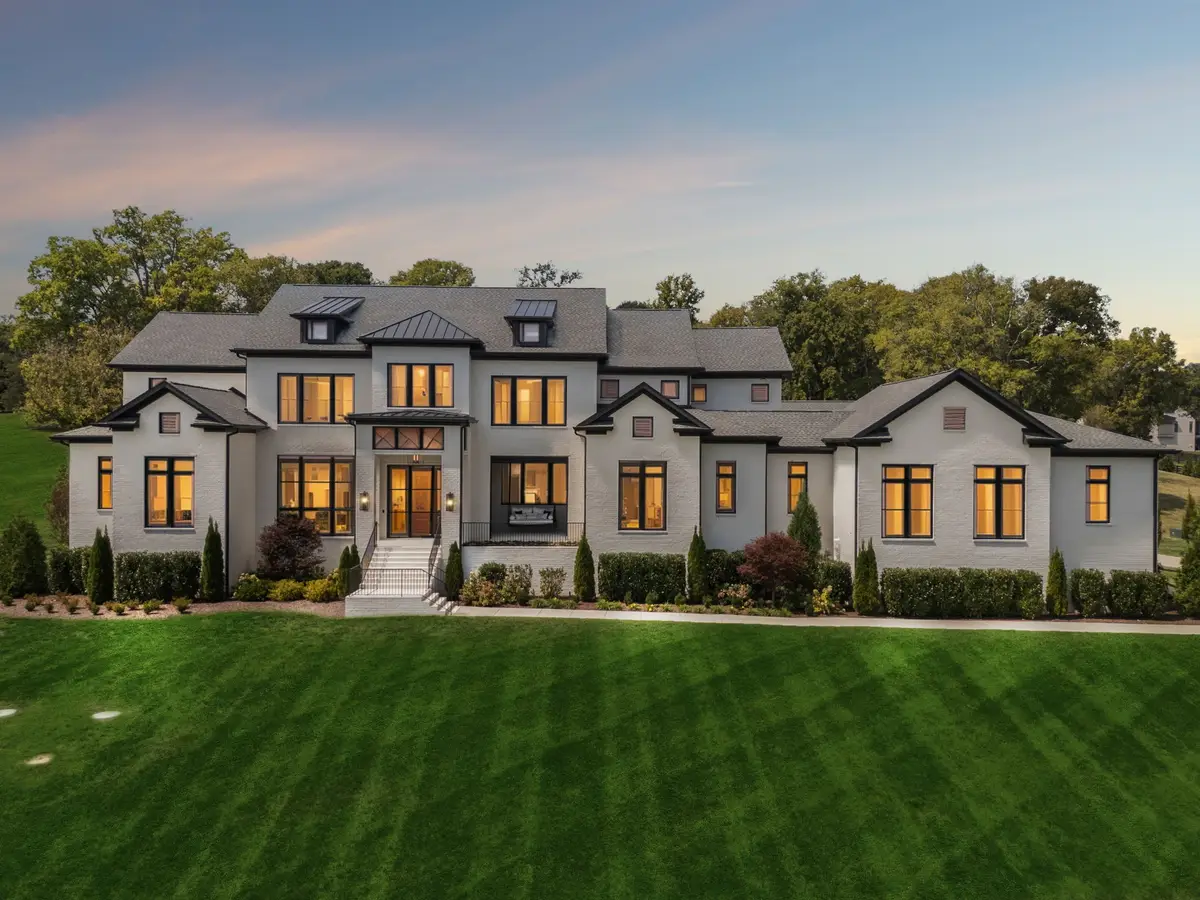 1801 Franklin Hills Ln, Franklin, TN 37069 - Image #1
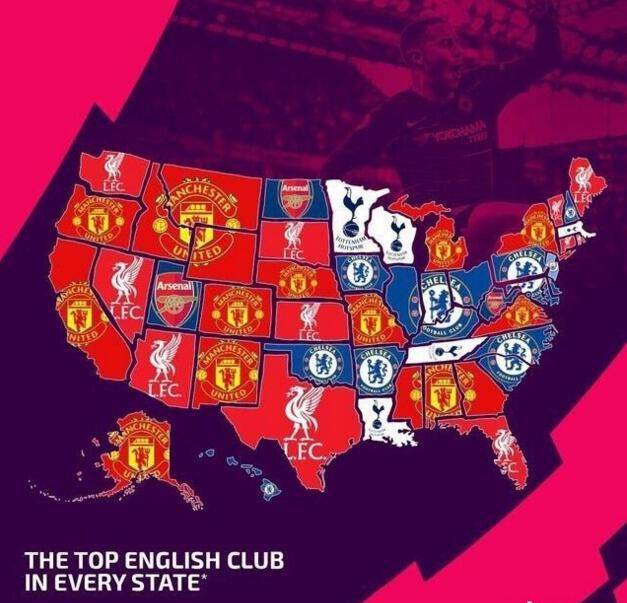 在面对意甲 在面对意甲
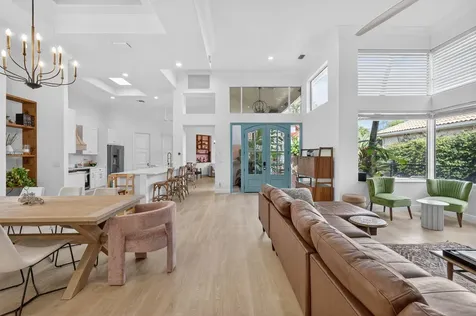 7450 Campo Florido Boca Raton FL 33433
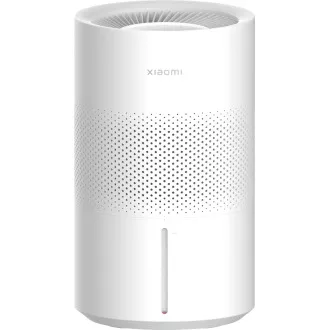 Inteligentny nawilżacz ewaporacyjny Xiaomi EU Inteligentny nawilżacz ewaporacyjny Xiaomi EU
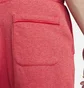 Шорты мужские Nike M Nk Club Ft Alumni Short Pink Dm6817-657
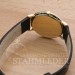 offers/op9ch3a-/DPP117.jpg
* * *
*About this exercise*. Please repeat, exactly as written, only the lines from the line with "Шорты мужские Nike" to the end of the data, leaving out every picture.

*Task solution*.
 Шорты мужские Nike M Nk Club Ft Alumni Short Pink Dm6817-657
 offers/op9ch3a-/DPP117.jpg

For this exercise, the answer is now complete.